O dolo e intenso e muito grave a ilicitude, certo que em crimes desta natureza age-se com intuito lucrativo, exigindo-se, pelas gravissimas consequencias que produz na sociedade, não perder de vista a prevenção geral e a especial.
O arguido, que a querido fazer passar-se como um rapaz muito jovem, tinha 27 anos de idade e admira-se que se fale na situação familiar do mesmo que, como vem provado, e solteiro e vive so.
Dentro da optica que presidiu ao sancionamento da conduta do arguido verifica-se terem estado sempre presentes as directrizes do artigo 72 do Codigo Penal.
Em crimes de trafico de drogas, por uma forma geral, nunca o tribunal chega a concluir que a simples censura do facto e a ameaça da pena bastarão para afastar o delinquente da criminalidade.
E o caso que nos ocupa não escapa a generalidade apontada.

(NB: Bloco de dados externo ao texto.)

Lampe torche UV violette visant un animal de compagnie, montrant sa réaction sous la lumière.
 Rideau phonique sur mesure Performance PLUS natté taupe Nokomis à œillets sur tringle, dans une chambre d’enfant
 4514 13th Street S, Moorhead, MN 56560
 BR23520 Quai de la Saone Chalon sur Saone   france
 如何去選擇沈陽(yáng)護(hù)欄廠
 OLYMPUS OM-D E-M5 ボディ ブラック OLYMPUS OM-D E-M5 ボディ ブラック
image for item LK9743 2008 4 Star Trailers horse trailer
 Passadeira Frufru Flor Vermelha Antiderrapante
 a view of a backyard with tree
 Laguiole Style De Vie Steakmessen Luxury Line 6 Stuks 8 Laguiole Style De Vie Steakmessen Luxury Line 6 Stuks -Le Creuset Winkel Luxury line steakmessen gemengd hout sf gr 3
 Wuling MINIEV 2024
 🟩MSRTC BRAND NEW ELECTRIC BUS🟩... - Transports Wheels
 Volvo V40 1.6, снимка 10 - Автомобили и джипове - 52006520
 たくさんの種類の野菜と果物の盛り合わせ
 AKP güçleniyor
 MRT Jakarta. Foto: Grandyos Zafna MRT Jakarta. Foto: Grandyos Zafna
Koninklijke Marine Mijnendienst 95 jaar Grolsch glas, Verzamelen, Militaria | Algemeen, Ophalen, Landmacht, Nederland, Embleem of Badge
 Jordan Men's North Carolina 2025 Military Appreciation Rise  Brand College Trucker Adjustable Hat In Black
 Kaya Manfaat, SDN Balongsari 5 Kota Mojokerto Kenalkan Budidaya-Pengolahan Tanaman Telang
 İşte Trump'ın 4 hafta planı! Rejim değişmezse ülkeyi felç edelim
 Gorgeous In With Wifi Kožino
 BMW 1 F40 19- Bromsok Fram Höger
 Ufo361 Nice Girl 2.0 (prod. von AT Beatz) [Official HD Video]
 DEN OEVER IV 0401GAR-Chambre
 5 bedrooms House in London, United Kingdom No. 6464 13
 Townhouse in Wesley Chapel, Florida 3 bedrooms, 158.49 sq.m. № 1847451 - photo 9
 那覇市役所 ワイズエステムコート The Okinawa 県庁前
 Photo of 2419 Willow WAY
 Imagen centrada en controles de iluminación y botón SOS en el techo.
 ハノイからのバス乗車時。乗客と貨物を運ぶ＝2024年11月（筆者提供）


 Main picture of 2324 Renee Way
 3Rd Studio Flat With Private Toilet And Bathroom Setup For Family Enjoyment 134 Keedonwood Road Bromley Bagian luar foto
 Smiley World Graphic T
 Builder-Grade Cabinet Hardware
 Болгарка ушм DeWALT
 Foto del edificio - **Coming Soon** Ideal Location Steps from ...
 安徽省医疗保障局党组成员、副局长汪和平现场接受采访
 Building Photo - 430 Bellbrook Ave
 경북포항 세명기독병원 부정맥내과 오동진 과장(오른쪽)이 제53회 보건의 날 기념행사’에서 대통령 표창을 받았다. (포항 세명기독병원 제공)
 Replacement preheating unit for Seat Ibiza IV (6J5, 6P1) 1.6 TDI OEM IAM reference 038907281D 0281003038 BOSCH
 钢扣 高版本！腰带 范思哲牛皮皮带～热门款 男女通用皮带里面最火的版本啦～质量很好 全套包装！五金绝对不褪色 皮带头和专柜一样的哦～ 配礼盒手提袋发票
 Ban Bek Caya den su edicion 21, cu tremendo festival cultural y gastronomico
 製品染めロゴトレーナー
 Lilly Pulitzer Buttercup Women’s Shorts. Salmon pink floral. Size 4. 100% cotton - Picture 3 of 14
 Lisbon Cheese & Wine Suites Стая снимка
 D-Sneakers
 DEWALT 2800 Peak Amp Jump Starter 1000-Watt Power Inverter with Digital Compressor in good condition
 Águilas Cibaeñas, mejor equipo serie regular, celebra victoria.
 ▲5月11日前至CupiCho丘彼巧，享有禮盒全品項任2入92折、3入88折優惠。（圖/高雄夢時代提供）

De acentuar ate que as necessidades de reprovação e prevenção do crime exigem dos tribunais que tais realidades não se percam de vista.
O que se alinhou leva linearmente a conclusão de que nem o artigo 72 nem o artigo 48 do Codigo Penal foram violados.
Quanto ao ultimo ponto focado pelo recorrente: não pretende ser expulso do Pais.
A mesma foi decretada com base no n. 2 do artigo 34 do Decreto-Lei 430/83.
Porem, jurisprudencia mais recente deste Supremo
Tribunal de Justiça, tem entendido que a pena acessoria de expulsão de estrangeiro do Pais, não pode ser aplicada automaticamente, mas apenas quando a necessaria factualidade, sem pressuposto, conste da acusação e da pronuncia - cfr. Acordão do Supremo Tribunal de Justiça de 26 de Setembro de 1991 in Col. Jur. Pag. 31/32.
In casu, assim se não procedeu e o tribunal mostrou-se pelo automatismo da expulsão.
A orientação ora seguida por este Alto Tribunal, entronca-se a final num problema de constitucionalidade duvidosa do preceito acima referido e face ao acordão 224/90 do Tribunal Constitucional que, com força obrigatoria geral, declarou a inconstitucionalidade das normas do artigo 46 n. 2 alineas a) e c) do Codigo da Estrada, por viciação do n. 4 do artigo 30 da Constituição.
Estar-se-ia face a um lugar paralelo, e não pode levar a quebra da unidade do sistema.
E ate razoavel supor que o arguido apos o cumprimento da pena imposta se encontre socialmente recuperado de modo a não se impor a sua expulsão do Pais.
E as penas acessorias, como as principais, so devem ser aplicadas na medida em que seja necessario.
Destarte, vingo neste ultimo ponto a pretensão do recorrente.
Termos em que, sem necessidade de maiores considerações, concede-se parcial provimento ao recurso
- tão so no tocante a sua expulsão do Pais, que não se decreta - confirmando-se no mais a decisão recorrida, considerada a alteração incriminatoria retro mencionada.
Custas na proporção do rendimento pelo arguido 2/3.
Lisboa, 9 de Abril de 1992
Vaz Sequeira,
Lucena e Valle,
Lopes de Melo,
Cerqueira Vahia.
Decisão impugnada:
Acordão de 91.09.30 do Tribunal de Circulo de Portimão.